- **MATERIAL FOR THIS EXERCISE**

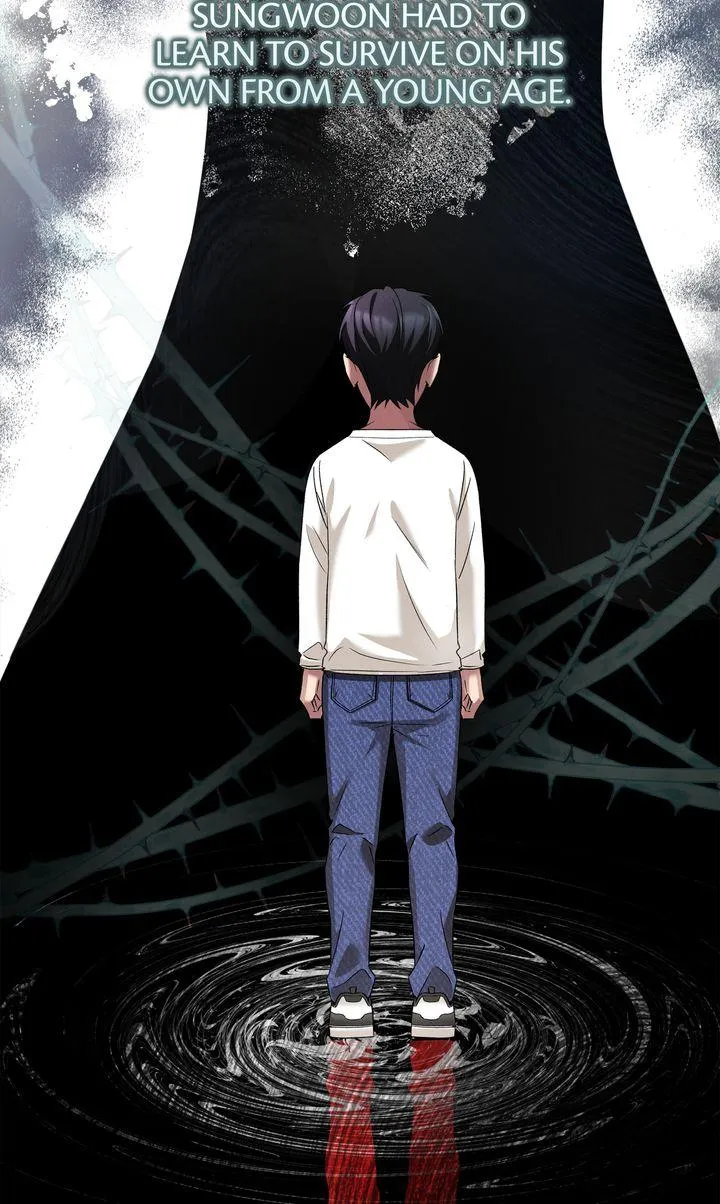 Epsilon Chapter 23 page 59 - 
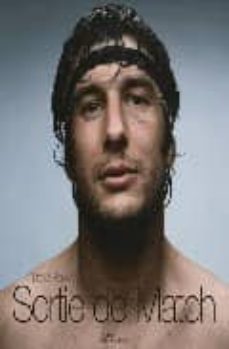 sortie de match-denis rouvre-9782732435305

--

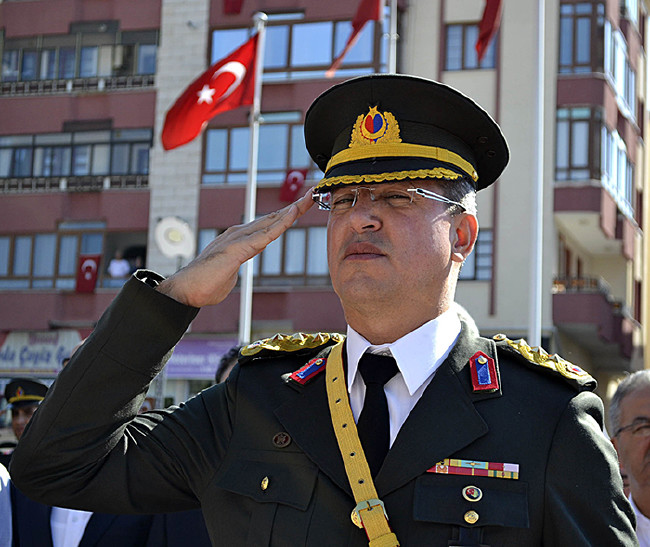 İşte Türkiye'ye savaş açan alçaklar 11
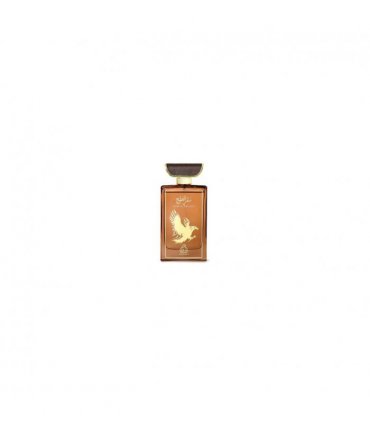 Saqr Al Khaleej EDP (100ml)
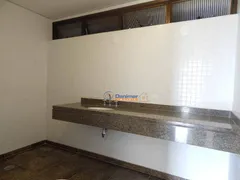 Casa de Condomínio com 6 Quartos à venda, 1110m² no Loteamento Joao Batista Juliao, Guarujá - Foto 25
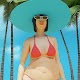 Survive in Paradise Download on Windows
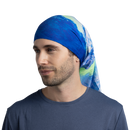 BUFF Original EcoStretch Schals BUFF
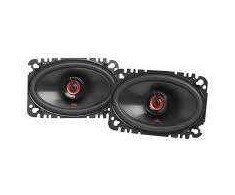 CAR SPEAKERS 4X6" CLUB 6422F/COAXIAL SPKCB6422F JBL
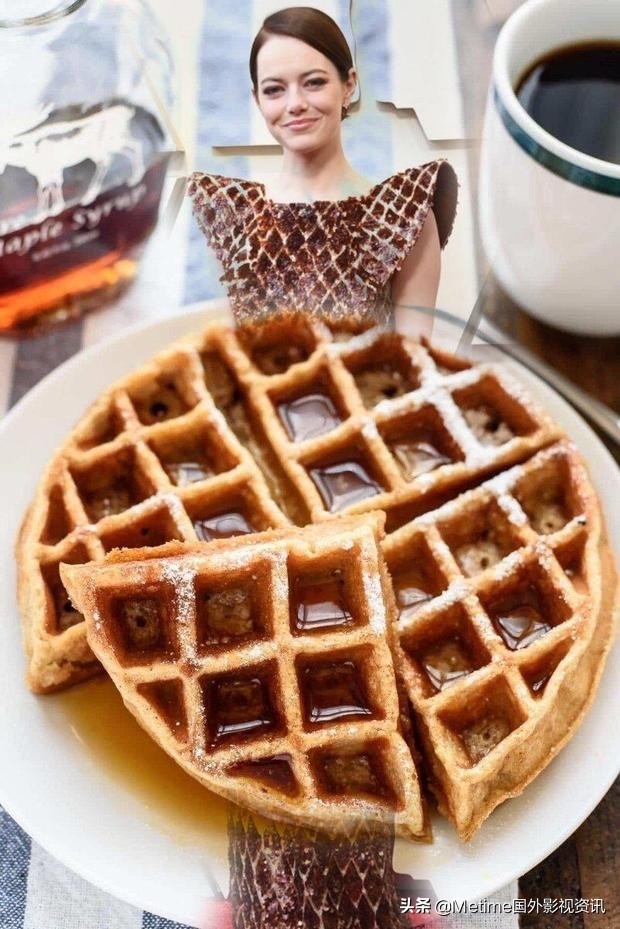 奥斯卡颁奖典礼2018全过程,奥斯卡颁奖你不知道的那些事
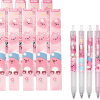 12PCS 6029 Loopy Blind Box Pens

==

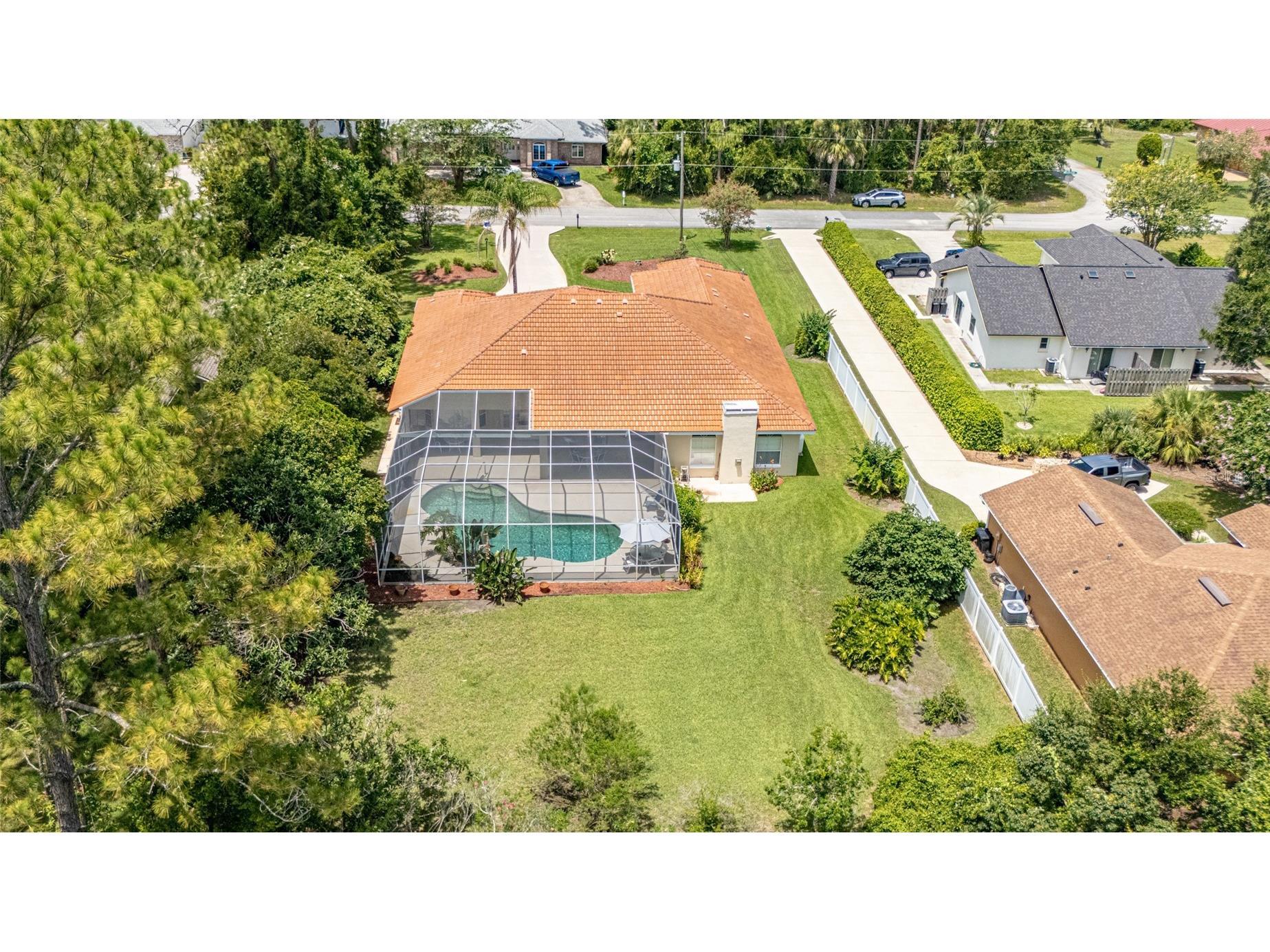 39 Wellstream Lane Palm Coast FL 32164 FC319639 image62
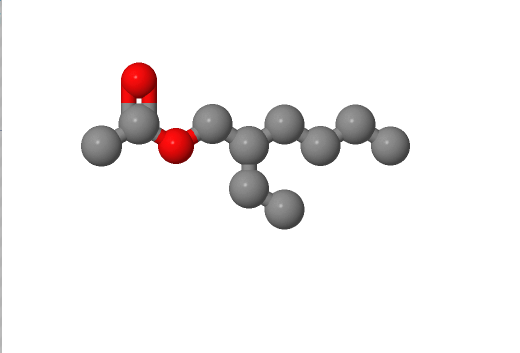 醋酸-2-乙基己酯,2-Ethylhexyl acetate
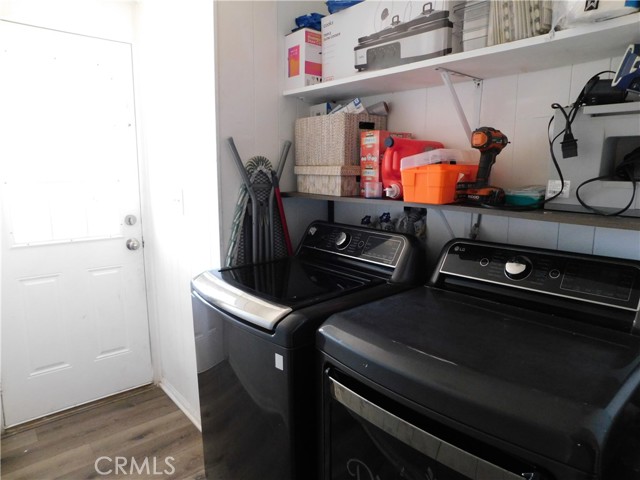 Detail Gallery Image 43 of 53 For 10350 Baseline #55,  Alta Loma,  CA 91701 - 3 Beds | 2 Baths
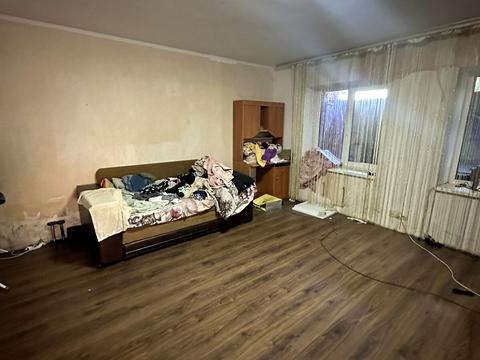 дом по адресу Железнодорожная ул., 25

- **EXERCISE AIM**
Print, exactly, each line above from the one with "奥斯卡颁奖典礼2018全过程,奥斯卡颁奖你不知道的那些事" to the one with "12PCS 6029 Loopy Blind Box Pens", end lines included. Leave pictures out of it.

- **EXERCISE RESPONSE**
 奥斯卡颁奖典礼2018全过程,奥斯卡颁奖你不知道的那些事
 12PCS 6029 Loopy Blind Box Pens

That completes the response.